Below, we detail the changes being made and how this could affect you.
Ground improvement enables sites with poor load-bearing capacity to be strengthened. This means that the loadings of the proposed building can be adequately supported off suitable foundations.
Vibro displacement using vibro stone columns is a method of enhancing ground bearing capacity and limiting settlement. Typical applications include the support of foundations, slabs, hard standings, pavements, tanks or embankments.
Soft soils can be reinforced to achieve improved specification requirements, whilst slopes can be treated to prevent slip failure and both natural soils and made ground can be improved.
Testing should be carried out across the full site and cover all of the various ground conditions to confirm that the ground improvement works meet the design criteria.
• Plate tests should also be carried out with 600mm diameter plates loaded to 3 times working load or 11 tonnes, whichever is greater.
• We require these tests to be carried out at a minimum rate of 1 test per rig per day.
• Dummy footing tests should also be carried out with 1500 x 600mm plates, loaded to at least 1.5 times working load (kN/m2) for a minimum period of 13 hours.
• We require these tests to be carried out at a minimum rate of 1 per week.
Penetration tests should be carried out:
• At a rate of 1 per 20-50 stone columns or 1 test for not more than 500m2, with a minimum of 1 test for each structural unit.

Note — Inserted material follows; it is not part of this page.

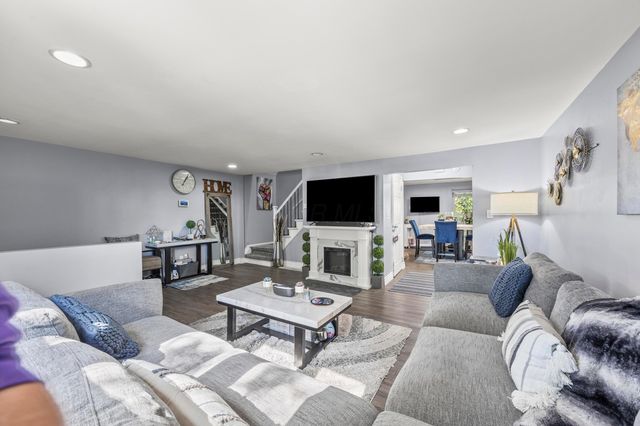 2844 Kingsrowe Court, 27, Columbus, OH 43209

• Penetration tests won’t be required if dummy footing tests are carried out at the above rate.
Vibro treatment should be carried out in accordance with the ‘Institute of Civil Engineers: 1987 Specification for ground treatment: Notes for guidance’ and to a depth sufficient to reach an adequate bearing stratum.

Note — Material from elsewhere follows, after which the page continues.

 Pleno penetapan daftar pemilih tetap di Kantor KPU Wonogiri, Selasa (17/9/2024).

The design and construction of vibro stone columns and foundations should be in accordance with the Premier Guarantee Technical Manual and recognised publications from British Standards, Eurocodes, CIRIA, BRE and ICE.
Every care was taken to ensure the information in this article was correct at the time of publication (November 2022). Guidance provided does not replace the reader’s professional judgement and any construction project should comply with the relevant Building Regulations or applicable technical standards. For the most up to date Premier Guarantee technical guidance please refer to your Risk Management Surveyor and the latest version of the Premier Guarantee Technical Manual.